Details
-
Bug
-
Status: Closed
-
Blocker
-
Resolution: Fixed
-
None
-
None
-
None
-
Reviewed
Description
This issue comes of tlipcon doing a bit of human unit testing. His speculation is:
Let a region X deploy to server A. Server A opens the region, then closes it.
Let region X now deploy to server B. Server B now crashes.
Both server A and server B now have edits for region X in their WALs.
The processing of server crashes is currently sequential.
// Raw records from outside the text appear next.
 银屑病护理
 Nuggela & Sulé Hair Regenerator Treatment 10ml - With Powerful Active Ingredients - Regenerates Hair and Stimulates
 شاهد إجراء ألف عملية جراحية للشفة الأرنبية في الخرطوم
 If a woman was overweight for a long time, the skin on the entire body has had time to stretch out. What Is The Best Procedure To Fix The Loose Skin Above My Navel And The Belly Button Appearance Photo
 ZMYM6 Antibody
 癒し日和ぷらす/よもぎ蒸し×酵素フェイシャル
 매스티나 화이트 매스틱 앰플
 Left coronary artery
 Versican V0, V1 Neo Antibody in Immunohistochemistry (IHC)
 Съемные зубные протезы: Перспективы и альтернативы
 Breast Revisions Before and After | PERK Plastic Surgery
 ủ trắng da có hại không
If server A crashes before server B, server A will write out a file of recovered edits for region X but region X was not deployed on server A so, the file will just sit there unused. The processing of server B crash will overwrite the recovered edits file written by the split of server A wal. This is ok.
But if somehow, server B processing is done before server A's, then interesting issues will likely arise; in the main, there is danger that the server B's recovered edits could be overwritten.
Another issue comes up in the review of hbase-1025. During the replay of edits on region deploy, if the hosting regionserver crashes before we have processed all of the recovered edits, we could lose some (the recovery of the regionserver that is replaying the edits could overwrite the log of edits only partially replayed).
Discussing up on IRC, whats needed is a directory of edits to replay ordered by sequenceid. On recovery, we play the oldest through to the newest removing the edits only on successfully replay.
Making blocker on 0.21 since this is a correctness issue.